More Proof That Voter Fraud Is Real, and Bipartisan

Try it you will like it

A
California jury on Aug. 23 convicted a Mexican citizen of identity theft and
voter fraud.

Two
decades ago, Gustavo Araujo Lerma took on the identity of a deceased U.S.
citizen and proceeded to vote illegally in a number of U.S. elections.

But
Lerma didn’t vote for who you might expect.

Lerma is a Republican and an ardent backer of President Donald Trump. His lawyers even held up as evidence at trial a letter from Trump and Vice President Mike Pence thanking him for his support.

If
nothing else, Lerma’s conviction is further proof that the incentives to commit
voter fraud are truly bipartisan.

Heritage
Foundation experts have long pointed out that voter fraud is not particular to
one party or ideology. At its core, people cheat in elections to further their
preferred causes or to advance their own careers, and there’s nothing
inherently conservative or liberal about the desire to win.

That’s hardly a shocking revelation. Lerma is the latest—but hardly the first—Republican to be caught and convicted of election crimes. In fact, The Heritage Foundation’s voter fraud database contains many examples of fraud perpetrated by people on the political right.

Nevertheless,
whenever a right-leaning vote fraudster is identified, liberal activists and
politicians relish needling conservatives over the alleged hypocrisy.
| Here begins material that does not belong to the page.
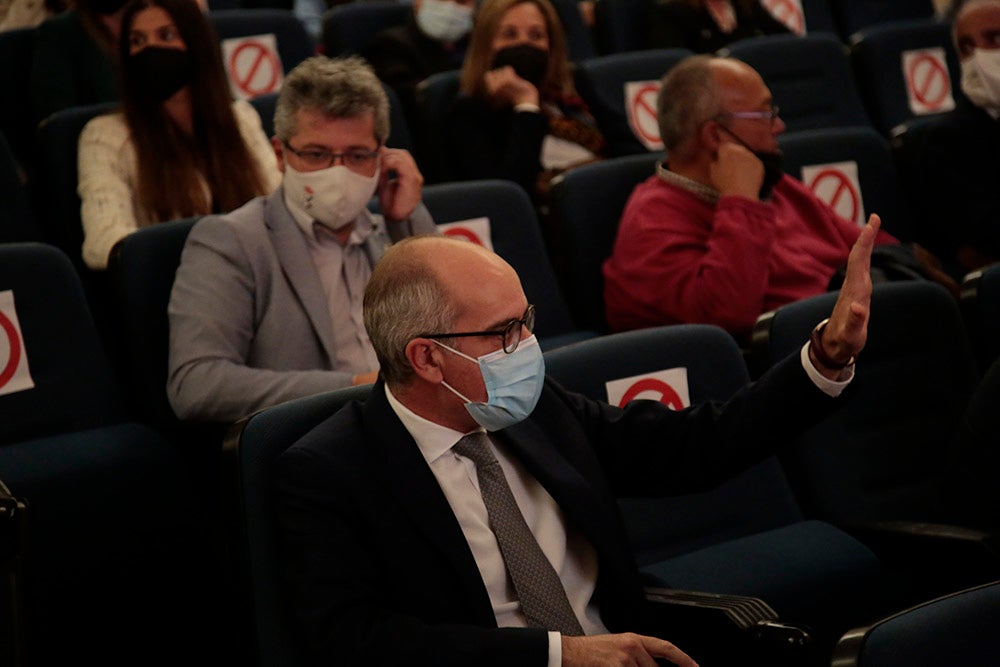 La Diputación de Salamanca celebra el Día Internacional de las Mujeres Rurales en el Auditorio de los Padres Paúles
They did it last year, when widespread absentee ballot tampering tainted the results of the race in North Carolina’s 9th Congressional District. (A special election for that seat will be held on Sept. 10.)

Some
outlets are doing it now with the Lerma case,
pointing out the irony that Trump—who has claimed that he most likely
would have won the popular vote in 2016 if millions of illegal votes had not
been cast against him—actually benefited from this very type of fraud.

But
those reactions—though par for the course in today’s divisive politics—miss the
point entirely.

If
liberal politicians, pundits, and publications want to devote their time and
attention to election integrity, they are welcome to—and should. But they ought
to be focusing less on the party affiliation of the fraudster, and more on finding
solutions to combat the fraud they perpetrate.

After all, whenever voter fraud occurs, it undermines the electoral process for everyone.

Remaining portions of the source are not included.